Sin embargo vivimos un panorama político y económico sombrío, grandes movilizaciones sociales avanzan inconformes con propuestas de reformas democráticas e institucionales. Hay una realidad social incuestionable, donde los ingresos son angustiantes para miles de familias con crecientes necesidades del diario vivir; un mundo laboral de incertidumbre y bajos ingresos, en medio del consumismo que impone el mercado a través de intensas campañas publicitarias.

Destacados investigadores de la macroeconomía nos advierte que estamos viviendo una profunda crisis global del neoliberalismo que demanda cambios estructurales al modelo de acumulación, agotado en su fracaso de ofrecer felicidad y de irrigar riqueza y empleo a los más necesitados. Colombia entera reclama al Estado y al Presidente Duque, un dialogo social pluralista y democrático, una concertación de cambios y reformas de fondo en las políticas públicas que ofrezca garantías para el goce de derechos y deberes, sin corrupción, ni violencias, recuperar la majestad de la justicia con poderes públicos honestos y con la eficacia de auténticos órganos de control ciudadano.

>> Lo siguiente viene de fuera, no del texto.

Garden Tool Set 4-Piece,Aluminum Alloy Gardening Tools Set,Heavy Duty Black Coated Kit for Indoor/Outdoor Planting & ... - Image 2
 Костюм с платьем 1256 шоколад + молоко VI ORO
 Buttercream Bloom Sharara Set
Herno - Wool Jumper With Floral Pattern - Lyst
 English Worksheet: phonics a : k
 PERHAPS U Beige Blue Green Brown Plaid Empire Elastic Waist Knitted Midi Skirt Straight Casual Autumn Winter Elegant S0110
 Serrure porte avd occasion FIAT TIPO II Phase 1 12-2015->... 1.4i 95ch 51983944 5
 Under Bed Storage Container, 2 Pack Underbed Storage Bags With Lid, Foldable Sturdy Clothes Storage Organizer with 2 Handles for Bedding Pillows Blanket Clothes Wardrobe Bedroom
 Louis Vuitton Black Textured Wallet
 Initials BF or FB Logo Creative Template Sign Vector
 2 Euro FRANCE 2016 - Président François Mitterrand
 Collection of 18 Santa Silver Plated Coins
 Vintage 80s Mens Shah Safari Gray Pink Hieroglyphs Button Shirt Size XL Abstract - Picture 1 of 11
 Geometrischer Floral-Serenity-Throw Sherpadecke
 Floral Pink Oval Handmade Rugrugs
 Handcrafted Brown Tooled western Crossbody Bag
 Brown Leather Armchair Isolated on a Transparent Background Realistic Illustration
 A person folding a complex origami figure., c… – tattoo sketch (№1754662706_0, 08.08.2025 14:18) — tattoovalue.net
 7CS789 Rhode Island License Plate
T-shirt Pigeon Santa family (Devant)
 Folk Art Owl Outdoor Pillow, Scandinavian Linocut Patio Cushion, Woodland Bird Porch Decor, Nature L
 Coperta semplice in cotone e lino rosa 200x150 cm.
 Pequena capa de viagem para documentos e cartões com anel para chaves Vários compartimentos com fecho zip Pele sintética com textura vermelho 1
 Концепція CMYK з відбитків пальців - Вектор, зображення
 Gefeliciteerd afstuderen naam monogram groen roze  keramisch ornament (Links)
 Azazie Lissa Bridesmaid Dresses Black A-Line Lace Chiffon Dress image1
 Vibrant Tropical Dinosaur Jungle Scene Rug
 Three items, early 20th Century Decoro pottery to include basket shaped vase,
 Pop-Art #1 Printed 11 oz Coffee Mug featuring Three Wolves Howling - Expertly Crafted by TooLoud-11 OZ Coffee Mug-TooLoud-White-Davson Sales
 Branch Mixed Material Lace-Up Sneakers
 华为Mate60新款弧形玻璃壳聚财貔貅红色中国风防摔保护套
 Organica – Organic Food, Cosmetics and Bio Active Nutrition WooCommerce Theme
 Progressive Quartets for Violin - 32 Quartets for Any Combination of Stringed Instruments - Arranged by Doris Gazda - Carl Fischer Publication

Los escandalosos datos y la urgencia de reformas democráticas no pueden ser más preocupantes, según el reciente estudio de Luis Jorge garay y Jorge Espitia: “La dinámica de las desigualdades en Colombia 2019, es la siguiente: el 0,25% de las fincas tienen el 74% del total de la tierra del país. Unas 3.000 personas concentran el 44% del ingreso bruto nacional. Las 500 empresas más grandes de Colombia concentran el 81% de los patrimonios declarados. Y el 1% de las personas jurídicas aportan cerca del 70% del valor total de impuestos.”

La desigualdad creciente es intolerable, como lo es su afán de depredación ambiental, violencia y poder sin control. Vivimos un cacerolazo que hace historia, ojalá el gobierno escuche la voz del pueblo.